This package is not in the latest version of its module.

Go to latest
Published: Apr 8, 2026 License: AGPL-3.0 Imports: 17 Imported by: 0

Documentation

Index

Constants

View Source
const (
	// DefaultQueryTimeout is the default max_execution_time in seconds if not specified
	DefaultQueryTimeout = 60
	// MaxQueryTimeout is the maximum allowed timeout to prevent resource abuse
	MaxQueryTimeout = 300 // 5 minutes
)

Default values for query execution

View Source
const (
	DefaultQueryLimit          = 100
	HealthCheckTimeout         = 1 * time.Second // Reduce to 1 second for faster health checks
	DefaultHealthCheckInterval = 30 * time.Second
)

Default values

View Source
const (
	// DefaultLimit is a conservative fallback used only when maxLimit is not configured.
	DefaultLimit = 1000
)

Variables

View Source
var (
	// ErrSourceNotConnected is returned when a source is not connected
	ErrSourceNotConnected = errors.New("source not connected")

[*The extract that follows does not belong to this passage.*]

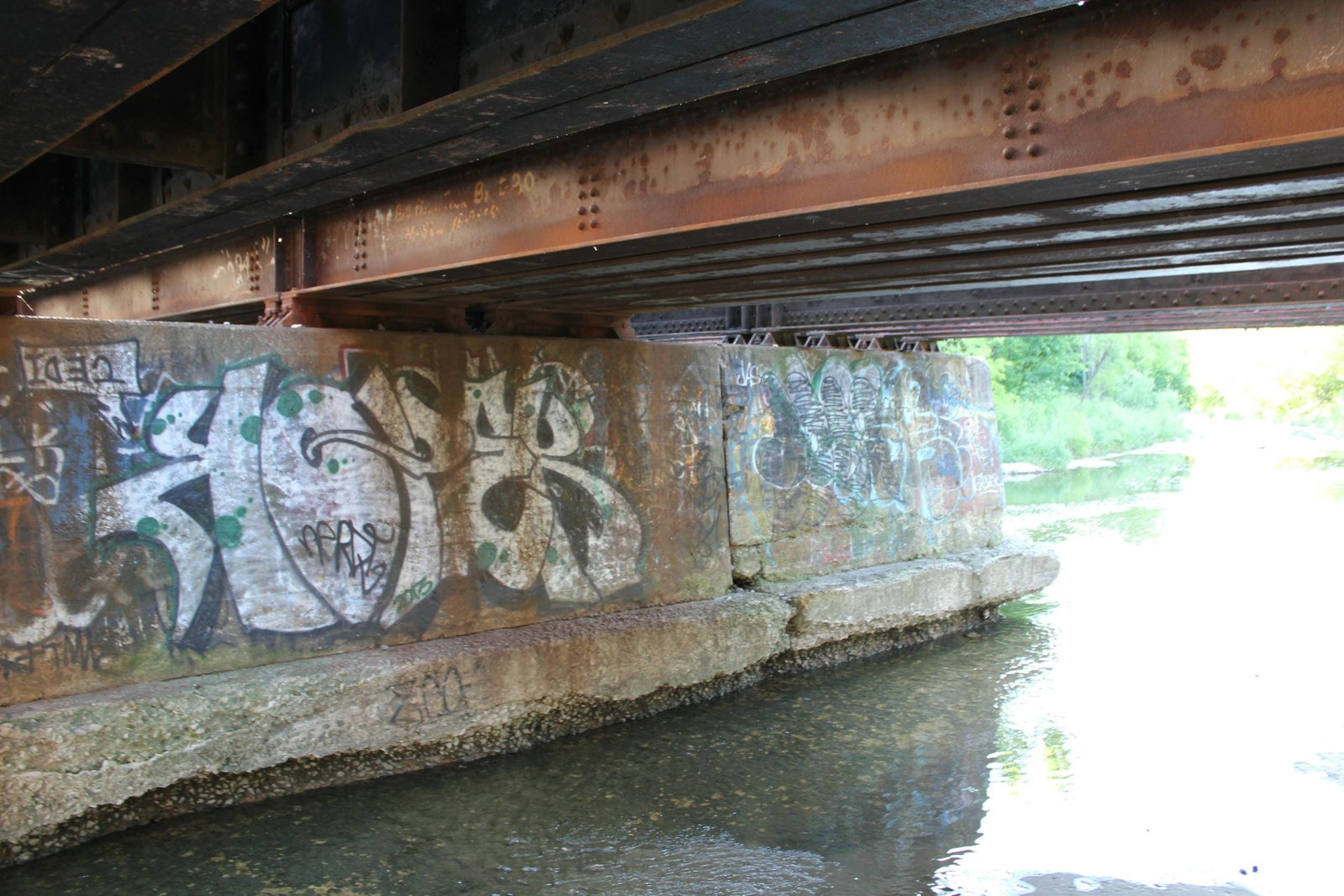 Under bridge.  Note writing on one span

	// ErrQueryTimeout is returned when a query times out
	ErrQueryTimeout = errors.New("query timeout exceeded")

	// ErrInvalidQuery is returned when a query is invalid
	ErrInvalidQuery = errors.New("invalid query")

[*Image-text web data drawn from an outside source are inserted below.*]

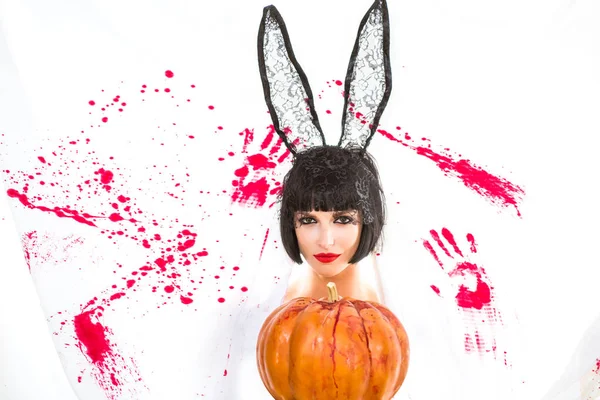 Сексуальная зомби девушка с тыквой на белом кровавом фоне. Красавица в платье кролика с макияжем на Хэллоуин . — стоковое фото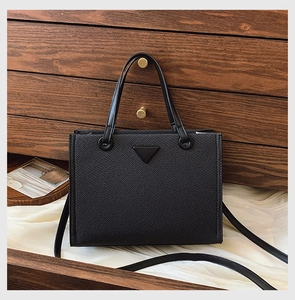 Detail view of black Saffiano textured tote bag on wooden chest with elegant silk drape
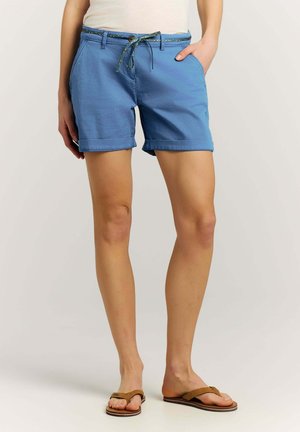Vrouw draagt lichtblauwe opgerolde shorts met een patroonkoord, beige tanktop en bruine slippers, handen ontspannen langs het lichaam.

	// ErrConnectionFailed is returned when a connection cannot be established
	ErrConnectionFailed = errors.New("connection failed")

	// ErrSourceExists is returned when trying to create a source that already exists
	ErrSourceExists = errors.New("source already exists")

	// ErrInvalidSourceType is returned when the source type is not supported
	ErrInvalidSourceType = errors.New("invalid source type")
)

Common errors for the clickhouse package

Functions

func IsValidationError added in v1.5.0

func IsValidationError(err error) bool

IsValidationError checks if an error (or any in its chain) is a ValidationError.

func ValidateIdentifier added in v1.4.0

func ValidateIdentifier(name string) error

ValidateIdentifier checks that a string is a safe SQL identifier (column name, field name).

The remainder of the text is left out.